* **What is being asked**
Retrieve every line from the records in which the word "Canvas" occurs.

* **Given records**
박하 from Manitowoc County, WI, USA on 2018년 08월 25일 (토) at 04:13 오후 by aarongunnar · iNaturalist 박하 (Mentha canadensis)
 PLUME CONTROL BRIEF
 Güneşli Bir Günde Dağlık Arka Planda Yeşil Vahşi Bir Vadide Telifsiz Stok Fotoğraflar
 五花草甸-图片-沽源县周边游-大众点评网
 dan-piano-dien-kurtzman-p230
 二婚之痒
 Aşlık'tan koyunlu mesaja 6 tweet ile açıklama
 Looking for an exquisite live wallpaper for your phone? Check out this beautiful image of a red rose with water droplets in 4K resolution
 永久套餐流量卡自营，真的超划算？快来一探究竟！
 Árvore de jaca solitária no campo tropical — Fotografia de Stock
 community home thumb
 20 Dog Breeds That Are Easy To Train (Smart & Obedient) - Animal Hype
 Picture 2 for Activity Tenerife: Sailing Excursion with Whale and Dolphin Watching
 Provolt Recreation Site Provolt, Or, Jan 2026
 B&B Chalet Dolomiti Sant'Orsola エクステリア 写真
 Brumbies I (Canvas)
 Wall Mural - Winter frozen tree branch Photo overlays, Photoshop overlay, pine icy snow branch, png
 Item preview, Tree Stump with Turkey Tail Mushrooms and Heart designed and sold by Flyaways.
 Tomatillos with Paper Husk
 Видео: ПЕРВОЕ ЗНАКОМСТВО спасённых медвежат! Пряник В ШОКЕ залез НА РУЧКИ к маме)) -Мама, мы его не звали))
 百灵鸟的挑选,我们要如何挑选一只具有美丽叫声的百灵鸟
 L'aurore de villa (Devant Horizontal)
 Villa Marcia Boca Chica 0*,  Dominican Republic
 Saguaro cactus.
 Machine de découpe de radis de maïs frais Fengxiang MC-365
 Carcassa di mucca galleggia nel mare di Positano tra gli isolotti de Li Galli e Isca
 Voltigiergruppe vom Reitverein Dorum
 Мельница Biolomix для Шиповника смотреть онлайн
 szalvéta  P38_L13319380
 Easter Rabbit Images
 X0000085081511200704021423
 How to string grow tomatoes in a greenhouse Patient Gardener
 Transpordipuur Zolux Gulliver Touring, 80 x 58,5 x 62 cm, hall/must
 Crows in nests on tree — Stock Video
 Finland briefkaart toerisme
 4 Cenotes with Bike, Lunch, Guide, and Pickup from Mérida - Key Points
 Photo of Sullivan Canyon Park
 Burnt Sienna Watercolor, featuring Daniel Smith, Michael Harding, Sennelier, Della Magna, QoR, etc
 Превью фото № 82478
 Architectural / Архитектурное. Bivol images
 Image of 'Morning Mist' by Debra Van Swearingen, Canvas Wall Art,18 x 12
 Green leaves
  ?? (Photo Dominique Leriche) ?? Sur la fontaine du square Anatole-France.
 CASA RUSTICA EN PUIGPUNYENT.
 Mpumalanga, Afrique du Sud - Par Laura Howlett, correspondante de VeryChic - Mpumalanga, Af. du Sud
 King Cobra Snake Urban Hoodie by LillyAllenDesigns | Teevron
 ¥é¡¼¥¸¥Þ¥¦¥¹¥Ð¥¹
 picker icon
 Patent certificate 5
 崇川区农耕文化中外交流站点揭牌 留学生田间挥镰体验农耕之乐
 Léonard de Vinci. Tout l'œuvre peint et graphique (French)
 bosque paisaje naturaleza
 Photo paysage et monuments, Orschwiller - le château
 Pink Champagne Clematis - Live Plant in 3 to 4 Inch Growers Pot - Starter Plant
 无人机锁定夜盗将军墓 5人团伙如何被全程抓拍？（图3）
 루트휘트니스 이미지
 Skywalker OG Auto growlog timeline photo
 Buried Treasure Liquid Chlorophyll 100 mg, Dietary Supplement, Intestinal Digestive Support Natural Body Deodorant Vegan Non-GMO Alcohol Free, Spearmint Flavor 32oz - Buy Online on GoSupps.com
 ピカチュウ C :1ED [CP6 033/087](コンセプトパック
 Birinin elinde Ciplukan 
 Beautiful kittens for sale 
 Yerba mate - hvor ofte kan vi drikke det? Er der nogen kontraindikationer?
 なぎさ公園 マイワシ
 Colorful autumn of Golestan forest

* **Solved problem**
 Brumbies I (Canvas)
 Image of 'Morning Mist' by Debra Van Swearingen, Canvas Wall Art,18 x 12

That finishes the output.